`if {} else {} else {}` actually works when combining if expressions with guard

let getter: () -> String? = {
    MainActor.assumeIsolated {
        …
    }
}

guard let text = if Thread.isMainThread {
    getter()
} else {
    DispatchQueue.main.sync(execute: getter)
} else {
    return false
}

Ignore the use-case, just look at the syntax. I would have sworn this was explicitly not allowed, yet Swift 5.10 accepts it without so much as a whimper.

It feels like it probably shouldn't… just a bug / oversight?
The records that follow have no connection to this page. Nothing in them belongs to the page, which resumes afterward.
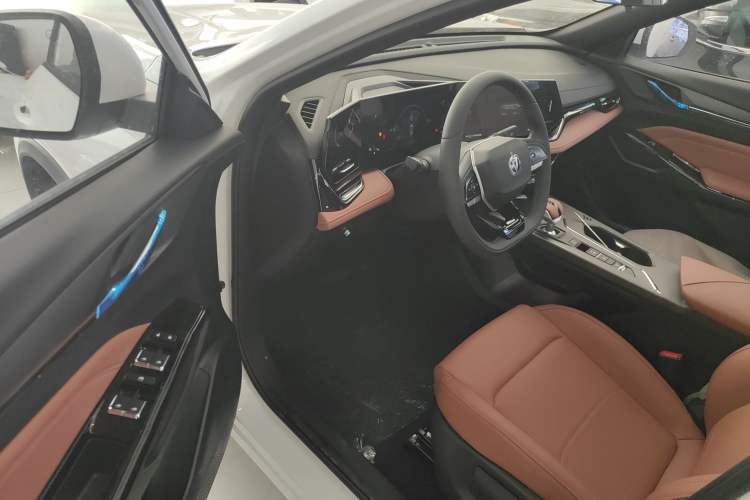 Used Changan X5 PLUS 2026 Model, Second Generation, 1.5T Pioneer PRO
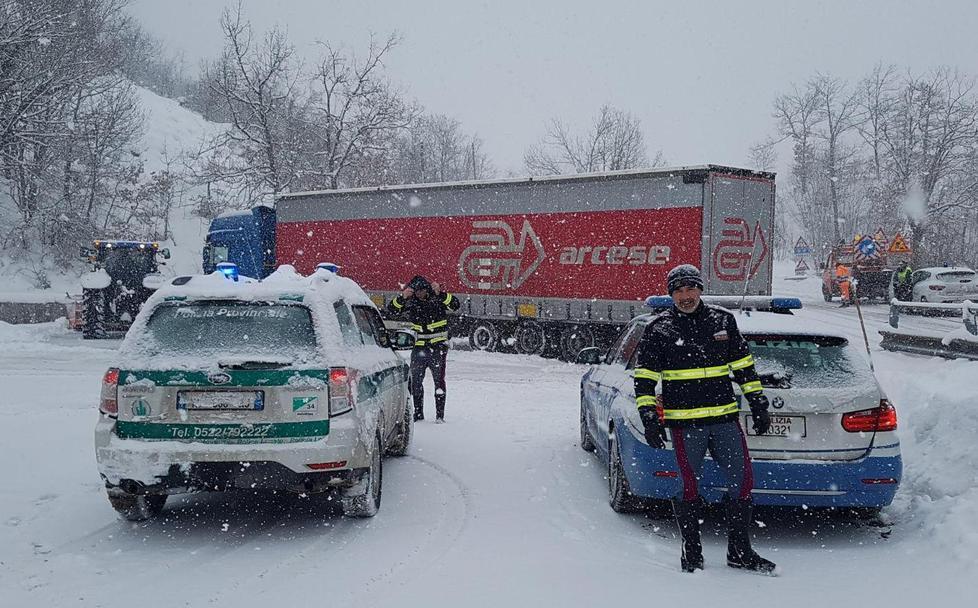 Una slavina interrompe la strada di Pradarena 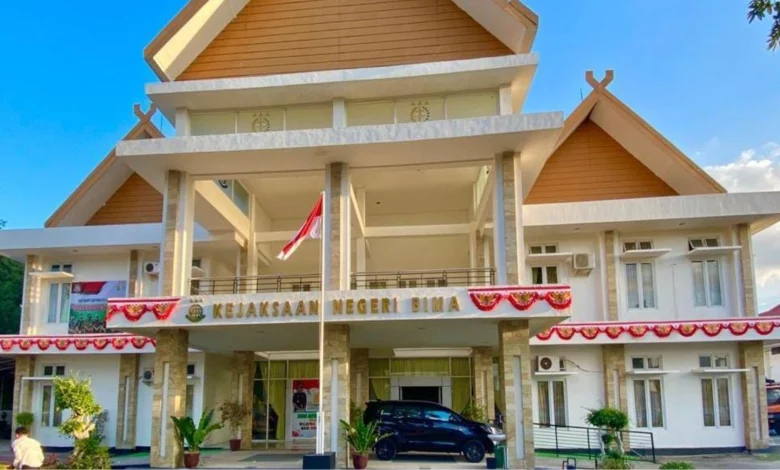 Gedung Kejari Bima Kasus Korupsi Kredit Bank Mandiri Dugaan Korupsi Festival Rimpu Mantika 2025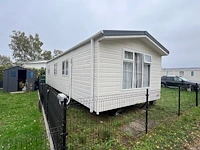 Stacaravan willerey, type lumic 32 x 12 2 bed, 2 slaapkamers, badkamer, gasketel, volledig ingebouwde keuken inclusief meubels, met tuinhuis pvc ketter, waterton - afbeelding 52 van  73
Although I could see an argument for this being no worse, ultimately, than having to shove a whole bunch of extra parentheses in there too (which is what I expected the compiler to force me to do, as it usually does).

4 Likes

I don't think that's a bug per se. Consider a simpler example with nesting that shows what going on:

func foo(condition: Bool) -> String {
    guard let text =
        if condition {
            "1"
        } else {
            "2"
        }
    else {
        return "3"
    }
    return text
}

What does look a bug here is that "guard let text = " doesn't check that the following expression is a non-optional String... Ideally it should complain with "RHS expression is not optional".

1 Like

Trailing closures are banned in if but not guard for the same sort of reason: the block immediately after something condition-shaped is usually the body, but for guard there’s an else there to keep it from being two braced blocks right up against each other. So it wouldn’t have been completely unreasonable to require parentheses here. Since it’s now been released without that requirement, though, I don’t know if it’s worth adding it (though formatters or linters might want rules about it).

2 Likes

We can't do parenthesis yet anyway (if expressions are only allowed in certain limited contexts):

let x = (if condition { 1 } else { 2 }) // 🛑 'if' may only be used as expression in return, throw, or as the source of an assignment
2 Likes

Yeah, exactly - I wish if & switch expressions weren't so restricted, as that ironically causes more problems with bad / ugly syntax than it seems to solve. Plus they're so useful sometimes - I particularly do not like that I can't use them inline for arguments of function calls, since they're sometimes much easier to read than the ternary operator.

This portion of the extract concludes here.